Usage of shared memory for tiled convolution

I tried to auto tune a convolution with following input parameters: ops-prof --out-fn="%(boda_output_dir)/cnn_op_info.txt" --kg-tune-tag=ocl-def --func-mrd-toler="(cudnn_conv=4e-4)" --wisdom-out-fn="%(boda_output_dir)/wisdom.wis" --ops-fn="%(boda_test_dir)/conv-ops-debug.txt" --gen-data="(str_vals=(type=gen_data),nda_vals=(vi=(tn=float,v=0.0),mode=(tn=uint32_t,v=5)))" --wisdom-in-fn="%(boda_test_dir)/good_tr/conv-gen5/wisdom.wis" --op-tunes="(ocl-def=(use_be=ocl,),ocl-default=(use_be=ocl,MNt=32:16,MNb=8:16,Kb=8,k1conv=0,tconv=1,ipconv=0,tconv_max_ksz=19:19))"

This leads to a failure because the tuned kernel uses too much shared data. When I looked at the generated OpenCL code I found the line responsible for this error: LOCSHAR_MEM float all_smem[1056+13230]; // note: filts + in (or in detail: filts_smem_sz + in_blk_in_chan_stride)

My questions are:

How is in_blk_in_chan_stride being calculated and where is it used during the code generation process?
How is filts_smem_sz being calculated?

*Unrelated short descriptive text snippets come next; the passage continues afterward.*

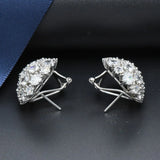 Sterling Silver Football Stud Earrings with CZ - Wedding Jewelry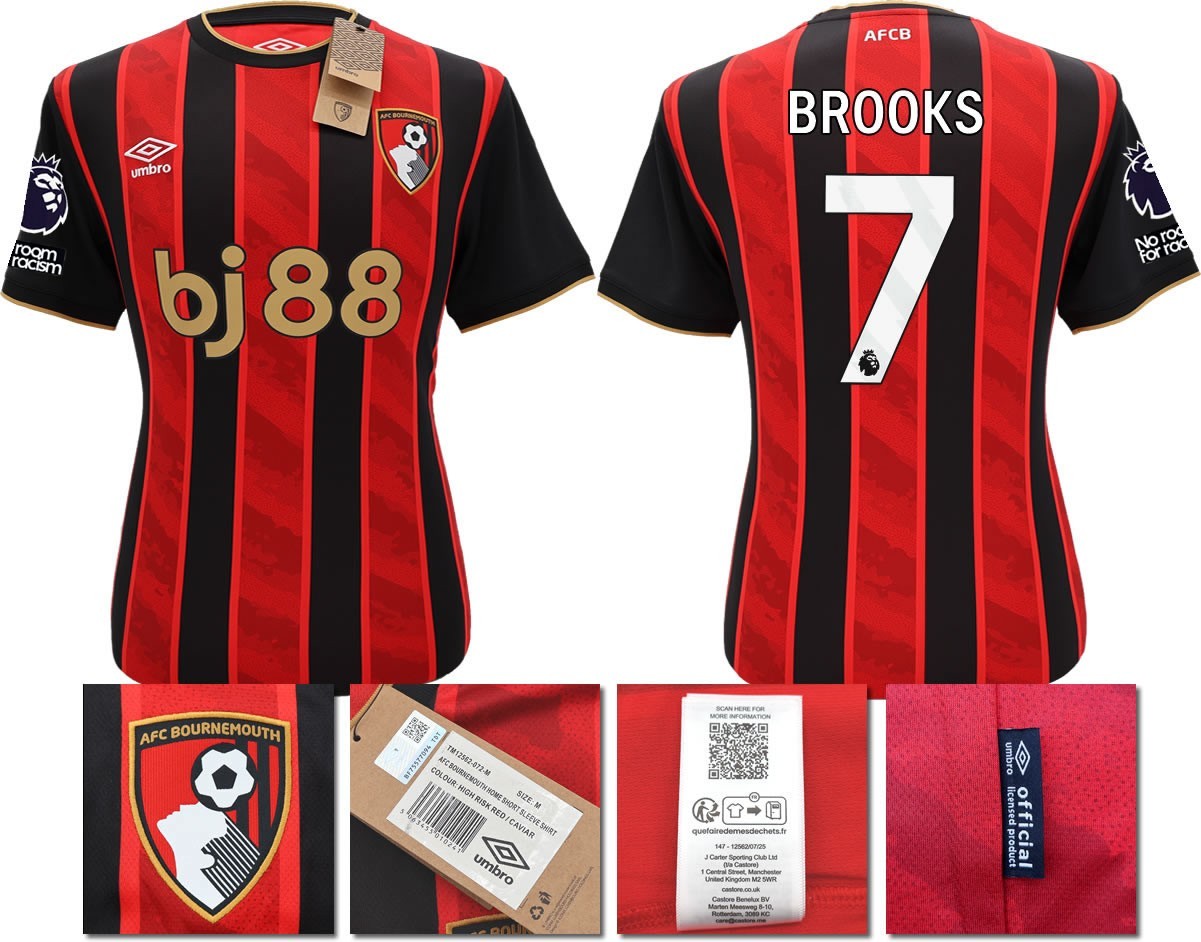 BNWT 2025 2026 UMBRO AFC BOURNEMOUTH HOME SHIRT BROOKS 7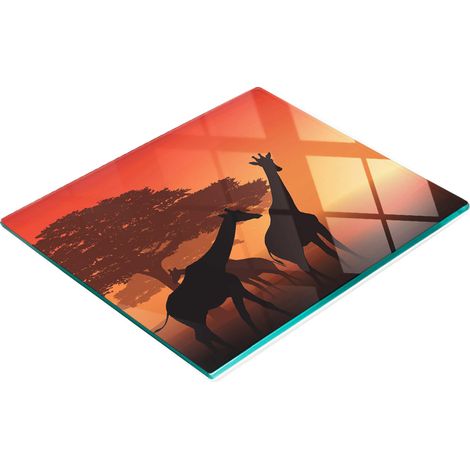 Multifunktionale Küchendekorationsplatte aus gehärtetem Glas, Giraffe, 60 x 52 cm (1/5)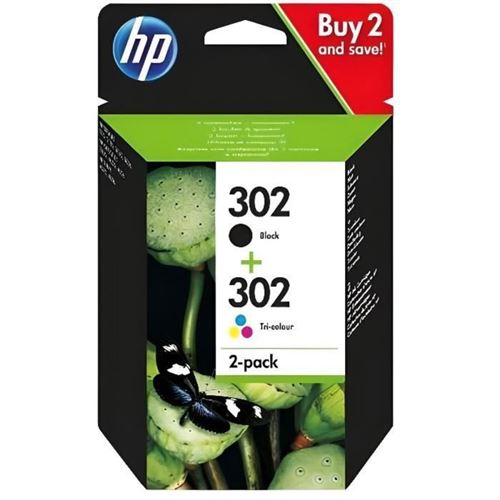 HP 302 - 2 - zwart, kleur (cyaan, magenta, geel) - origineel - inktcartridge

As far as I know this value is set in the cnn_codegen.cc file in the function gen_op_tconv .

as normal for GPU programming, shared memory holds data that is reused multiple times per block (workgroup) across multiple threads, in order to reduce global memory loads/stores. to understand the per-block shared memory and registers requirements, one must understand the blocking strategy used.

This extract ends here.